Oberonia jhae
- Conservation status: Critically Endangered (IUCN 3.1)

Scientific classification
- Kingdom: Plantae
- Clade: Tracheophytes
- Clade: Angiosperms
- Clade: Monocots
- Order: Asparagales
- Family: Orchidaceae
- Subfamily: Epidendroideae
- Genus: Oberonia
- Species: O. jhae
- Binomial name: Oberonia jhae Chowlu & K.S.Rab

= Oberonia jhae =

- Genus: Oberonia
- Species: jhae
- Authority: Chowlu & K.S.Rab
- Conservation status: CR

Species of orchid

Oberonia jhae is a species of critically endangered orchid endemic to Arunachal Pradesh in northeastern India. It was described by Krishna Chowlu in 2017 from a collection in Papum Pare district in Arunachal Pradesh. Very little information is known about its population and considering the decline in its habitat this species was classified as critically endangered.

== Description ==
This species of orchid is epiphytic with a 1 cm long stem.
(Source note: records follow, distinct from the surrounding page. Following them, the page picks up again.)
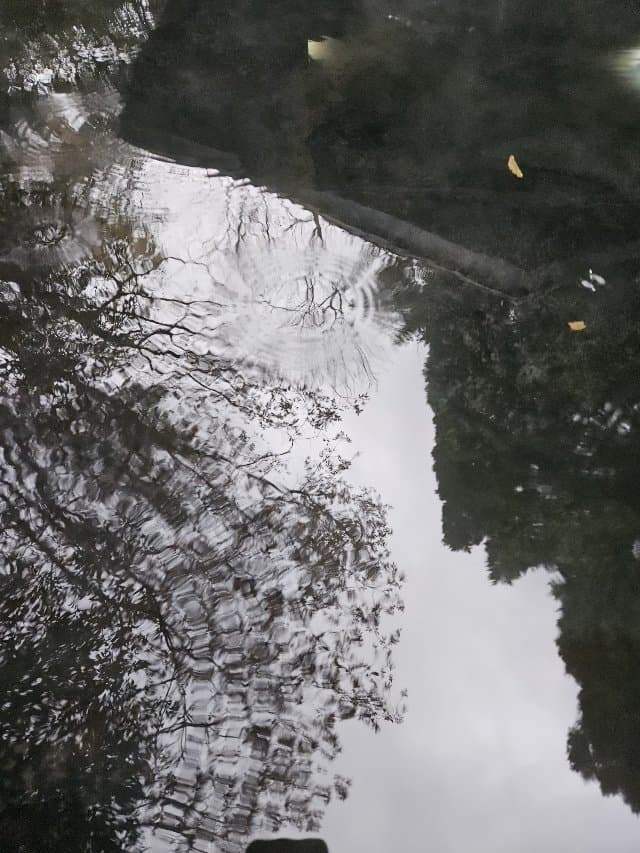 3fb8c32fffd711ab6fb8d38a4783766d70cc02daec24f9b1b91fb3908d7ae4bba3575796a57ece18a330863a0c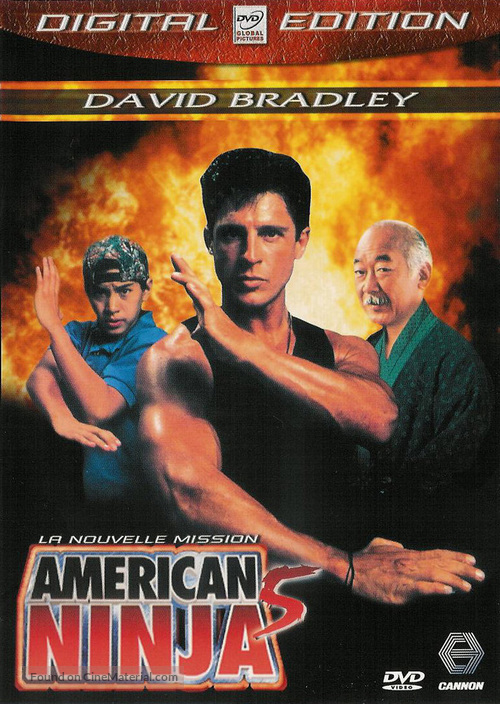 American Ninja V - French DVD movie cover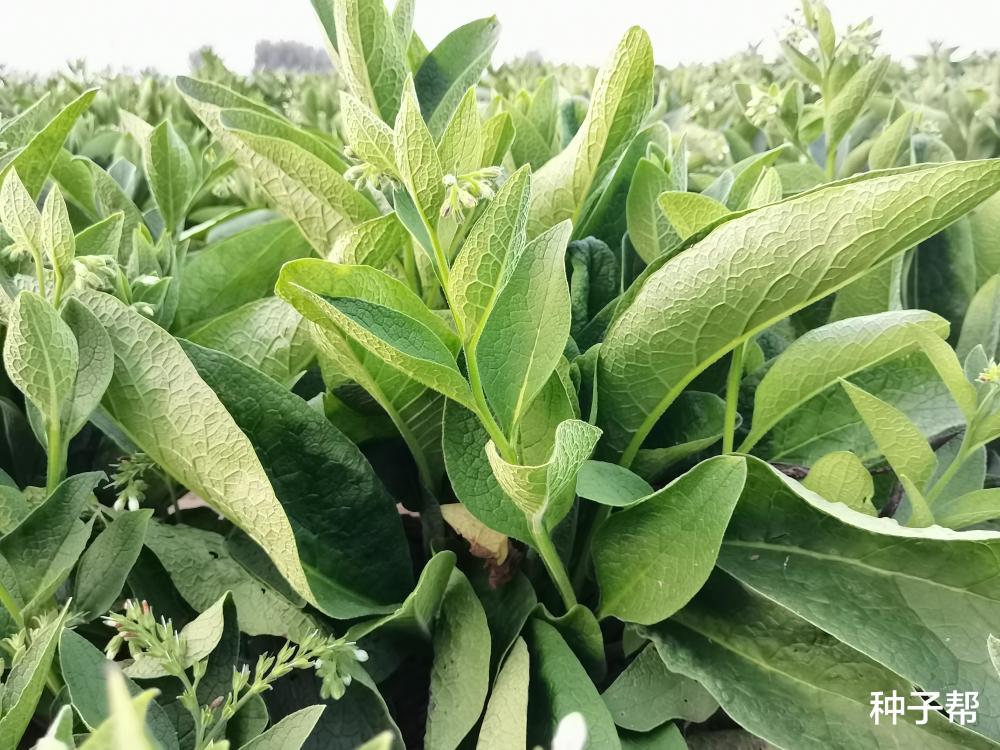 高產耐寒牧草,俄羅斯飼料菜什麼時候種植?利用價值如何?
The base of this orchid is covered with 8 to 9 disjoint erect and flattened leaves of 1.5 - 3.2 cm long and 0.4-0.6 cm wide. The inflorescence is 4 to 7 cm long and extends beyond the leaves with drooping rachis that has multiple flowers. The tiny 0.5 cm green flowers have a lip of approximately 3.5 × 0.3 mm.
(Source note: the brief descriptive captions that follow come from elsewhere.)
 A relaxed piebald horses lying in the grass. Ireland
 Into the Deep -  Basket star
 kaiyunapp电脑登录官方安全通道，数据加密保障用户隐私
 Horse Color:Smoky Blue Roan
It can be differentiated from similar looking Oberonia emarginata species by greater number of leaves, smaller flowers and lip size, the shape and details of the lip along with other characteristics.

== Taxonomy and etymology ==
This orchid buds were collected from Kheel village in Papum Pare district of Arunachal Pradesh and cultivated inside the garden of regional centre of Botanical Survey of India in Itanagar. After comparing it with other Oberonia species found in the neighboring countries, it was concluded to be a new species.

Krishna Chowlu named this species after her teacher Subash Chandra Jha who supported her and an orchid enthusiast.

== Distribution and habitat ==
This species was known to occur only in the Kheel village in Arunachal Pradesh. A survey revealed a population of 3 matured individuals within a 1 km^{2}. It was found growing on tree trunks and branches covered with moss inside a broad-leaved evergreen tropical forests at an elevation of 642 m. It was found flowering in May.

== Conservation and threats ==
The location where this species is known to occur is inside a community managed forest with no legal protection. The CITES Appendix-II offers protection from collection and trade of this species. Some of the threats for this slow growing species are Jhum cultivation, expansion of roads, logging and climate change.